Как пораженный громом, жук падает, навсегда неподвижный. Нет ни малейших конвульсий, ни тех потягиваний, которые обычно сопровождают предсмертную агонию животного. Это столь же ужасно, как и удивительно по быстроте. Потом оса поворачивает труп на спину, обхватывает его ножками... Три раза я возобновлял этот опыт с моими долгоносиками, и приемы борьбы ни разу не изменились.
Я пробовал наблюдать эту борьбу в неволе, под колпаком из мелкой металлической сетки. Туда я пускал разных охотниц и их дичь. Но под колпаком, оказалось, не всякий охотник решался вступать в борьбу. Церцерис песчаная упорно отказывалась от предложенной ей добычи.
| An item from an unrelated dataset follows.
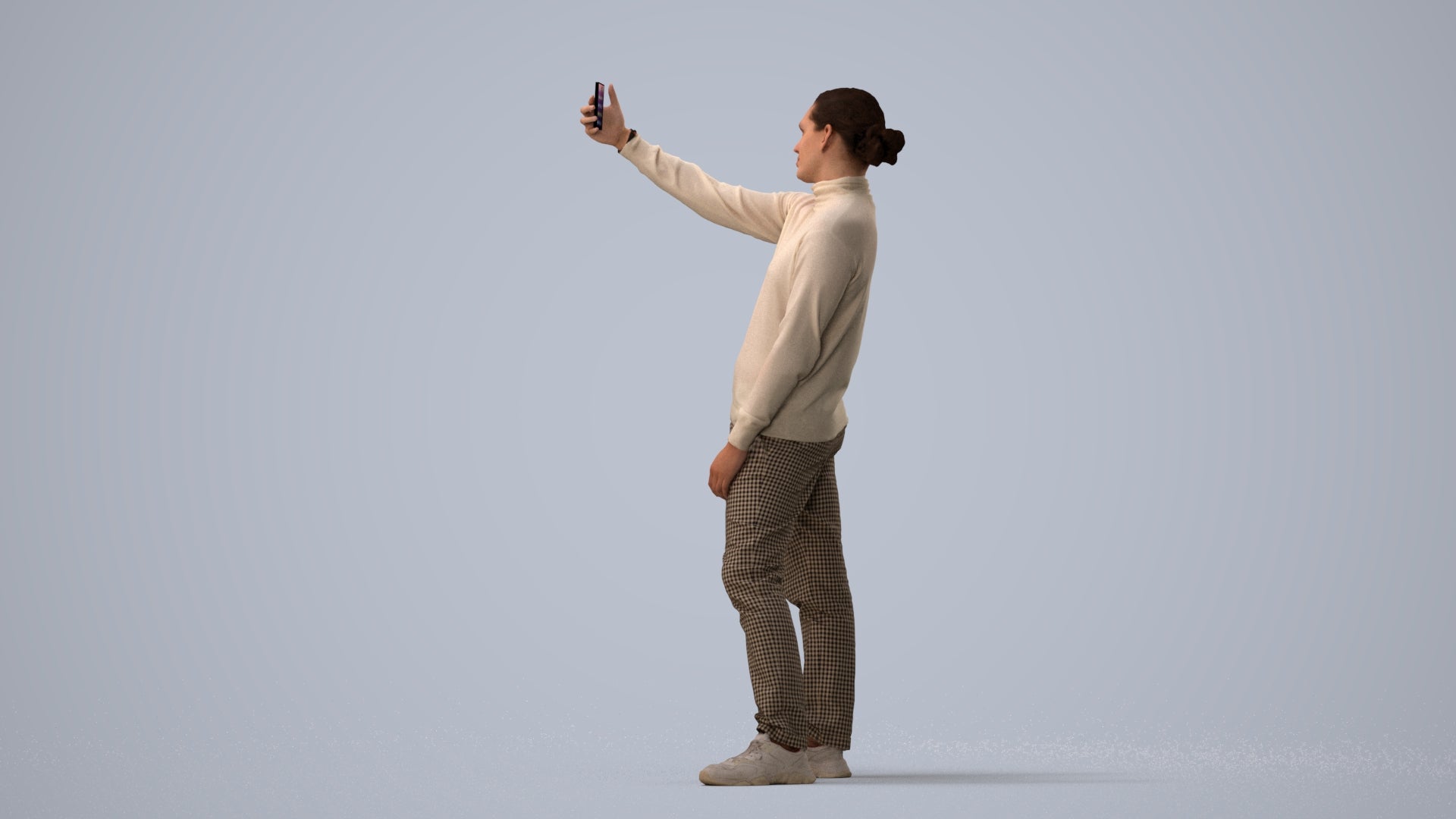 3D scanned man standing casual, photorealistic archviz people for Enscape and SketchUp, three-quarter view render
Зато другая, церцерис Феррера, уступила после двух дней плена. Я предложил ей желудевого баланина. У этого долгоносика чрезвычайно длинный хоботок. Оса схватила его за этот хоботок и всадила ему жало ниже первого грудного кольца, между первой и второй парами ног. Ома проделала то же самое, что церцерис бугорчатая с клеоном. Приемы охоты у обеих ос оказались совершенно одинаковыми.
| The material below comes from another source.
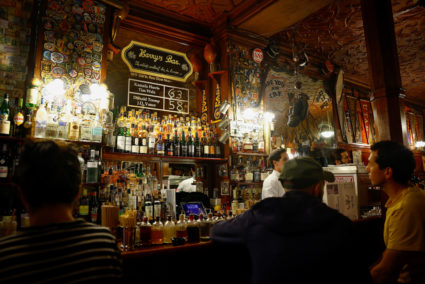 The traditional Straw Vote for the U.S. presidential election at Harry's Bar in Paris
Само собой разумеется, что потом я возвращал церцерис ее первую добычу и отнимал моего клеона. Его я на досуге старательно рассматривал. Это исследование только подкрепило мое мнение о таланте осы-бандита. В точке укола невозможно заметить ни малейшей ранки. Но что особенно удивительно – это быстрота, с которой уколотый жук теряет способность к движениям. Тотчас же после укола я напрасно искал у парализованных на моих глазах долгоносиков следов раздражимости. Уколы, щипание жука ничего не давали. Нужны были иные, уже описанные мною средства, чтобы вызвать движения усиков пли лапок. Жуки-клеоны – выносливые жуки. Наколотые живыми, они не днями, а неделями – да что я говорю: даже месяцами! – шевелят усиками и ногами. И они же в одно мгновение становятся неподвижными под влиянием укола церцерис, которая впускает им капельку яда.
Что же такое находится в той точке, куда колет оса? Не следует ли обратиться к анатомии и физиологии для объяснения причины столь быстрого и столь полного обмирания?
«Ученый бандит»
Бугорчатая церцерис только что открыла нам часть своего секрета: указала точку, в которую колет ее жало. Решен ли этим вопрос? Нет, далеко нет.
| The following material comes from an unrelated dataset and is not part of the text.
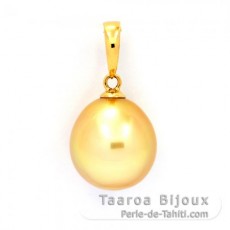 18K solid Gold Pendant and 1 Australian Pearl Semi-Baroque B 10.3 mm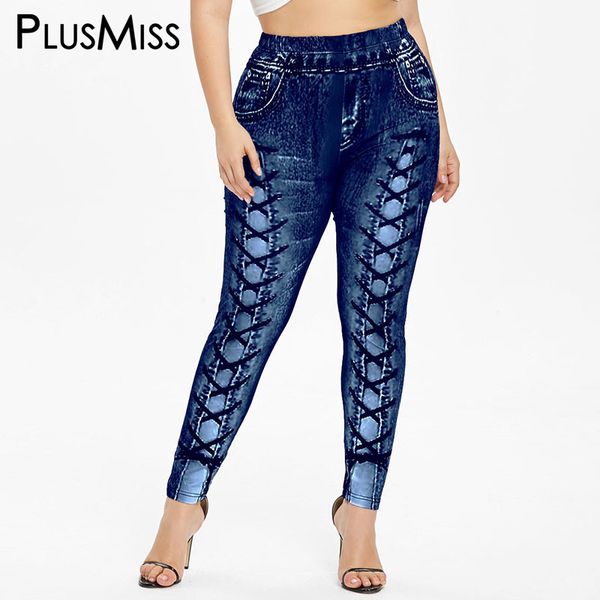 

plusmiss plus size 5xl 3d jeans denim printed legging women big size fitness jeggings lace up leggins skinny legins xxxxl xxxl, Black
Вернемся назад. Забудем на минуту то, чему нас научила оса и зададим себе ее задачу. А задача эта такова: нужно спрятать в земляной норке некоторое количество жуков, достаточное для прокормления личинки, которая вылупится из яйца, отложенного на запас этой провизии. Личинка очень требовательна: ей нужна совершенно неповрежденная дичь, со всем изяществом форм и яркостью окраски. Не должно быть ни сломанных ножек, ни ран, ни выпотрошенного брюшка. У добычи должна быть свежесть живого насекомого, у нее должна быть цела даже та нежная цветная пыльца, которую стираешь, едва дотронувшись до нее пальцем. Как трудно было нам получить такой результат, убивая насекомое! Легко убить насекомое, раздавив его ногой, но убить «чисто», без малейших повреждений и следов насилия, – такая операция удастся далеко не всякому. В каком затруднении очутились бы мы, если бы нам предложили убить мгновенно, не оставляя следов раны, животное, столь живучее, что оно шевелится даже с оторванной головой. А церцерис проделывает это просто и быстро, даже при грубом предположении, что ее добыча становится обычным трупом.